Sunday, December 6, 2009

An Obama presidency post-mortem

You read that right. This entry is a post-mortem of the Obama presidency.

He will still be in office for at least three more years and could be re-elected, but in an important way, his presidency ended earlier this week when he announced that he would send an additional 30,000 troops to Afghanistan.

What has ended is any idea that his presidency will lead to radical change. Many people have hoped—or feared—that Obama’s election would lead to some sort of revolution, although the substance of that revolution differed with each person you asked.

I voted for him. My wife and I cried at 11 p.m. on election night when he was declared the winner. But looking back, I think that all the people who thought that his election would lead to truly drastic changes in this country weren’t looking at his resume close enough. Revolutionaries aren’t given the opportunity to edit the Harvard Law Review. Hell, revolutionaries aren’t allowed within 300 feet of the Harvard campus!

Obama may be sincere about change, but he is also a political careerist, like many others in Washington. He has spent most of his life being schooled in, among other things, the art of compromise, and he knows that alienating too many people would be damaging to the career that he has devoted his life to developing.

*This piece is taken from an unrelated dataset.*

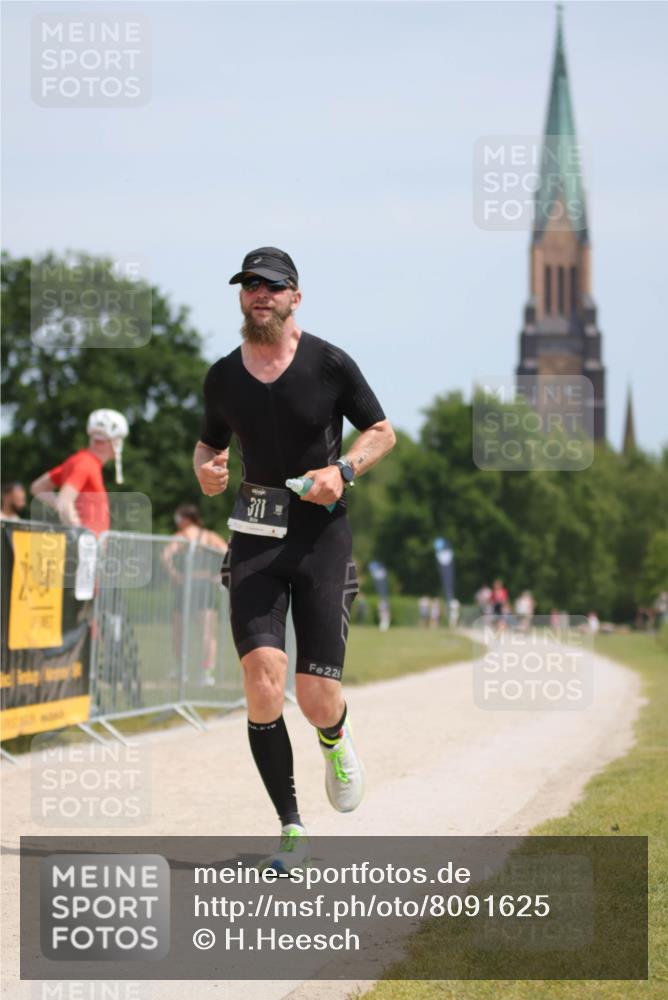 22.06.2025 - Viking Triathlon H.Heesch http://msf.ph/oto/8091625 22.06.2025 13:01:03 Laufen 311, 620 meine-sportfotos.de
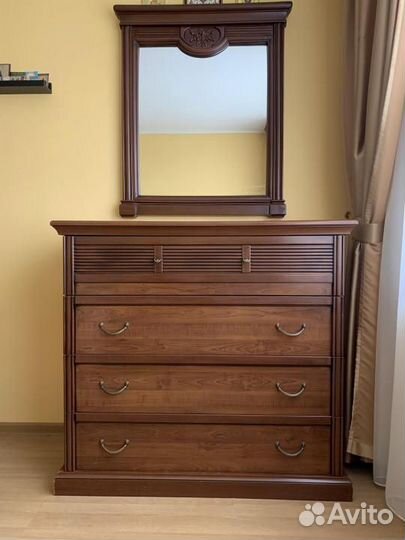 Спальный гарнитур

In the (allegedly good) old days, politics was a sideline for most of the people involved in it. Look at this list of the signers of the Declaration of Independence. Do you see anyone whose occupation is listed as “politician”? Many lawyers, but, as in our time, most lawyers are not politicians. People got into politics because they cared about the way the government was being run, but they did not see politics as the primary way to feed themselves.

Somewhere along the way, the laws became more sophisticated and harder for the average person to understand. The complexity required that public office become a full time job.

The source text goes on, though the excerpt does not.